前巻では、晏嬰の父親の晏弱の活躍が描かれていた。
本巻でも、晏弱は活躍を続ける。
ときは春秋戦国時代。
斉の東部に萊(らい)という国があった。
斉は太公望が建てた国であるが、その太公望ですら攻めあぐねた国だった。
晏弱は斉の兵を率いて萊を攻める。
数年がかりで落とす覚悟だ。
まずは国境付近に城を建てる。
建てている最中に、商人の姿になり、腹心をつれて、萊の村々を周る。
自分たちに合力せよ、というのではなく、敵に力を貸すな、黙ってみていろという約束をさせる。
実際に読んで欲しいから、どうやって萊を落とすのか、落とした萊をどう扱うかは書かないが、わずか五千の兵で、太公望の落とせなかった国を落とすことに成功する。
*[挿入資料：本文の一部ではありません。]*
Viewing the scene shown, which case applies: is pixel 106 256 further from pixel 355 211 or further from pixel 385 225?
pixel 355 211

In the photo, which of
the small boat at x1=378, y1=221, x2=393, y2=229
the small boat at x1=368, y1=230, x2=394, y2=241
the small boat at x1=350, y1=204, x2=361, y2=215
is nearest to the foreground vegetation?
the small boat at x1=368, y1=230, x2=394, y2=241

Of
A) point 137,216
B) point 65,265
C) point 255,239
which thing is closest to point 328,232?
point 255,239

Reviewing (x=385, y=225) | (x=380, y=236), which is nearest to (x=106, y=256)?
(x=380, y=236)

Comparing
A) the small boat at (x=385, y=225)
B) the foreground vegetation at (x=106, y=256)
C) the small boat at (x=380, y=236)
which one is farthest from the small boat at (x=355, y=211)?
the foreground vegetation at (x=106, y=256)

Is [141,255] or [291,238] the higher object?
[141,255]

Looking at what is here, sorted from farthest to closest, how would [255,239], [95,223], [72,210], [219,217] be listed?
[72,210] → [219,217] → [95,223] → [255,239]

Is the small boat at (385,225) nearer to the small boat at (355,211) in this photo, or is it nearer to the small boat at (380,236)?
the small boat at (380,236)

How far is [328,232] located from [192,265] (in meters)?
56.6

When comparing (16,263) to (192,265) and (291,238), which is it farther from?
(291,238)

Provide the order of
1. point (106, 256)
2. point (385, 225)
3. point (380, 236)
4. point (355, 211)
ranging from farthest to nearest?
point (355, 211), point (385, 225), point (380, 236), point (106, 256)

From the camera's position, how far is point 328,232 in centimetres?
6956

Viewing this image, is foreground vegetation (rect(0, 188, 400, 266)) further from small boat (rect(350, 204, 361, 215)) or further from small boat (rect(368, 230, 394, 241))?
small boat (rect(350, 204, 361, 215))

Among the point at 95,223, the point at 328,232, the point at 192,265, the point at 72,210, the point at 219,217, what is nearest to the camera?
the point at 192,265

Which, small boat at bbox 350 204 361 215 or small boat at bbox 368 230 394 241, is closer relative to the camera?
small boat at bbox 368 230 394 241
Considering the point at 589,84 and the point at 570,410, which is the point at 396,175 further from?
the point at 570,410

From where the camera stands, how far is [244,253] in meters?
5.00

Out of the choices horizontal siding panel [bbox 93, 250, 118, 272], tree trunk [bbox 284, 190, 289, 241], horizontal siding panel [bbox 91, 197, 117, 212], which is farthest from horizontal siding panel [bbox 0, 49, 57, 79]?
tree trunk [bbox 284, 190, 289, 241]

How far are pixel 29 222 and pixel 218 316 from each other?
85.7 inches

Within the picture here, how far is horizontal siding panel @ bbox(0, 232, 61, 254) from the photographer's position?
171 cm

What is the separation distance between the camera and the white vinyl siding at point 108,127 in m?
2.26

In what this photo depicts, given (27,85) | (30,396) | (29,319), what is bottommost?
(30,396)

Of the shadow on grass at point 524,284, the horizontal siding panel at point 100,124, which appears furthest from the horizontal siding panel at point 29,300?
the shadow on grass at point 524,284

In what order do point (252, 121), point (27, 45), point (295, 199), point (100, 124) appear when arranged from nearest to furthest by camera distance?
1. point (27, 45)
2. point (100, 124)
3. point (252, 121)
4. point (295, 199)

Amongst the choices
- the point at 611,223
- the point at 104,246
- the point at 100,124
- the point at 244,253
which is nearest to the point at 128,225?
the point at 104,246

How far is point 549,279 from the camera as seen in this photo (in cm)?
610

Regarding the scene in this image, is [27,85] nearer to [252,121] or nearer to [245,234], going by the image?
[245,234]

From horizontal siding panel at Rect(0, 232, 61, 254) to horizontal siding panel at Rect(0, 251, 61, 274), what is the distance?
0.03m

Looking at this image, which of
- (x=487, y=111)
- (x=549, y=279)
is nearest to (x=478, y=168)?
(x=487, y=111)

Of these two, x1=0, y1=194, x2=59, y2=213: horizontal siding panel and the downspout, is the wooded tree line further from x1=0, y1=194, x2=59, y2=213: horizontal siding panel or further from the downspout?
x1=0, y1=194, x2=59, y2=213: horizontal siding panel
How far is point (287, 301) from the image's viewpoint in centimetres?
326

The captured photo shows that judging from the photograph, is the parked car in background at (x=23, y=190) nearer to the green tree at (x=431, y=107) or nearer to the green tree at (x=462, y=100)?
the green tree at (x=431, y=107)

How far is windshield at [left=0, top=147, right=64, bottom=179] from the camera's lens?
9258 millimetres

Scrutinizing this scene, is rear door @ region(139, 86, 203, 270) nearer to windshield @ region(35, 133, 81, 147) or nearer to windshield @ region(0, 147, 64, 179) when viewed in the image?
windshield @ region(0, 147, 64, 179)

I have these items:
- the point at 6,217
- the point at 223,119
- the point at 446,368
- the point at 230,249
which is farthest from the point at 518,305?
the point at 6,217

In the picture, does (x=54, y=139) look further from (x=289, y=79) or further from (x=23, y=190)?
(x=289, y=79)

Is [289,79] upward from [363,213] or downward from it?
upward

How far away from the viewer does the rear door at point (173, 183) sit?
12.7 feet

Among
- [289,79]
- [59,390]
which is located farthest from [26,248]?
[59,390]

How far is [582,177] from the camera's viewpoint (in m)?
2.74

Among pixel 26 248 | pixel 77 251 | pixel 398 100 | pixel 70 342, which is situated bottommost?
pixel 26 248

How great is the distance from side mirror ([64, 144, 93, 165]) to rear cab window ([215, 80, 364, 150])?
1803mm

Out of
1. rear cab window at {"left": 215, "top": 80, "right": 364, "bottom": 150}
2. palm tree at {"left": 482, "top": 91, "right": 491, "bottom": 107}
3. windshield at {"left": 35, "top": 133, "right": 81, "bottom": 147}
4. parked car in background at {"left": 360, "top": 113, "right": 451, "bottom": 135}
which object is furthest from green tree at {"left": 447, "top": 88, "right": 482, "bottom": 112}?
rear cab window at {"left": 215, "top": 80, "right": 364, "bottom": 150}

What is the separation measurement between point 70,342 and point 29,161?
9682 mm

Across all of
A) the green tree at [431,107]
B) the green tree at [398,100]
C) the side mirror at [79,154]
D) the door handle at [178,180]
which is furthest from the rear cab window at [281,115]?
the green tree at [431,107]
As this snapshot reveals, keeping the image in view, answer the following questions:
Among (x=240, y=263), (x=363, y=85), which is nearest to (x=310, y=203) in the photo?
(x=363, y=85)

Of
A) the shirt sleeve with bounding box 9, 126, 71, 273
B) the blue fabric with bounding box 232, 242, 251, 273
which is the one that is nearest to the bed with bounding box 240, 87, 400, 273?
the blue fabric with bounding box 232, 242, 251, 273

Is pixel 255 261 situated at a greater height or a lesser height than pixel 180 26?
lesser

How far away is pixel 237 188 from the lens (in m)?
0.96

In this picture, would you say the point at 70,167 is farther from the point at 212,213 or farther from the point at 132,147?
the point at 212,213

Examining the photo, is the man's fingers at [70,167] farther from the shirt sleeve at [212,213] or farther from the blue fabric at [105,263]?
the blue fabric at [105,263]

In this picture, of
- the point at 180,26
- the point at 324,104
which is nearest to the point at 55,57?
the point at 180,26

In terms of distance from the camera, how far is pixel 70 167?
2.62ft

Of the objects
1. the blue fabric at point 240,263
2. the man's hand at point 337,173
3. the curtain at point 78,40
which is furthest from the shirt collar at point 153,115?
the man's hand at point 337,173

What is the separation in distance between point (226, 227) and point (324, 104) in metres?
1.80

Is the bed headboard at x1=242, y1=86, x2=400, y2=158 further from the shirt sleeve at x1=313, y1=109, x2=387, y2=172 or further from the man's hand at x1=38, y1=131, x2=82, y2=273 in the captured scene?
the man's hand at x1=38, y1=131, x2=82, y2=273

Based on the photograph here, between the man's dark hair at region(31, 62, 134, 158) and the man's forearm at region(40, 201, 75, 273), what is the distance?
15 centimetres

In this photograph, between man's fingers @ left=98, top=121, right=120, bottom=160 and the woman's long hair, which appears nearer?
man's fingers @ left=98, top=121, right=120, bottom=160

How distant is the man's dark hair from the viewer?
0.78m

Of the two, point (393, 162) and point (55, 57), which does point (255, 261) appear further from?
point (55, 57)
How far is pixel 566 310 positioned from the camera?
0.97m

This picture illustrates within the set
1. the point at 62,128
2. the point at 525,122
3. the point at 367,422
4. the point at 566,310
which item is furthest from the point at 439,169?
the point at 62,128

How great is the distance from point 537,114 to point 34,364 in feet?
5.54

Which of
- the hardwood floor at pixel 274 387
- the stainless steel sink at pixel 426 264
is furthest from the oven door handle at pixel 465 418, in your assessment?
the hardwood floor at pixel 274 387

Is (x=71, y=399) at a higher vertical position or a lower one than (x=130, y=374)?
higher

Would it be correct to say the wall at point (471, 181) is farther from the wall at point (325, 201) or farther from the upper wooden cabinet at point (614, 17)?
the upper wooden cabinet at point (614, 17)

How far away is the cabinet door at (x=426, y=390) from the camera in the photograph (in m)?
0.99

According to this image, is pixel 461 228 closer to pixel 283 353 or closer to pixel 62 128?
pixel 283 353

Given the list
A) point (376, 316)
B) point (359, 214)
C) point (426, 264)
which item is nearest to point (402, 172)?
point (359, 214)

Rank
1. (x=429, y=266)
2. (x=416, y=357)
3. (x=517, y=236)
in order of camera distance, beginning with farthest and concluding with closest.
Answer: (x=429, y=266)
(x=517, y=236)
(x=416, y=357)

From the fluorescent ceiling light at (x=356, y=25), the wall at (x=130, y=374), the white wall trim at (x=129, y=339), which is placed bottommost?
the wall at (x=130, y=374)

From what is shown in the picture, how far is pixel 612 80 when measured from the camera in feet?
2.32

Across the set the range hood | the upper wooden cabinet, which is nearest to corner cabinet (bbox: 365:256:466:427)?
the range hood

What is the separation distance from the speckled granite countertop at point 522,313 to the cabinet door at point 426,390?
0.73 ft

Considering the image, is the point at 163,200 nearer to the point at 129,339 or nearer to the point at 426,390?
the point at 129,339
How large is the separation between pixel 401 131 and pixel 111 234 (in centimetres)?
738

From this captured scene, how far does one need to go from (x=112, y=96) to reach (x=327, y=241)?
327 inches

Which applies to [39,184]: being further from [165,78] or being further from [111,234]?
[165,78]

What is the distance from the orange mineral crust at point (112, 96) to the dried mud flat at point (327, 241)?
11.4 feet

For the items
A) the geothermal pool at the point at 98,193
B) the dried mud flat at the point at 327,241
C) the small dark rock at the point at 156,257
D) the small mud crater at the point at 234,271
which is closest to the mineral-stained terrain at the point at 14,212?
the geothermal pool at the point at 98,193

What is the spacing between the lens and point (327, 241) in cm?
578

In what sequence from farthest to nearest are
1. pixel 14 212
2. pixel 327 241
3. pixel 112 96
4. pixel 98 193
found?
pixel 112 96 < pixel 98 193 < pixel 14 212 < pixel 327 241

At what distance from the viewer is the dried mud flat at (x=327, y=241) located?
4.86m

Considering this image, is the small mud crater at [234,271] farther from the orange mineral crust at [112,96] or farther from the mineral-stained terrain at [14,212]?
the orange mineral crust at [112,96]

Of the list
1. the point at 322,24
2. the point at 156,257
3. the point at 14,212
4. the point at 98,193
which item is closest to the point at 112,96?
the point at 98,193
やがて、力を蓄えた斉は苦杯をなめさせられた晋との決戦を決意する。
その直前に、その秘策を胸にしたまま、晏弱はその一生を終える。
晏弱は紛れもなく英雄だった。
晏子を読んでいると人の一生を象徴している気がする。
失敗も成功もその素はその者の性格にある。
しかもそのものの性格を知る事が確実な成功につながる。
様々な人間の主に失敗から、それらを学ぶことができる。
晏弱は人が備えたい素養を皆持っている。
頭はよく、見た目も大柄で頼りがいのあるように見える。声にも実があり、説得力がある。
だからか、成功譚はそのような資質がなければ、なしえない気もする。
失敗から学ぶことが大きいのが本書の特徴なのかもしれない。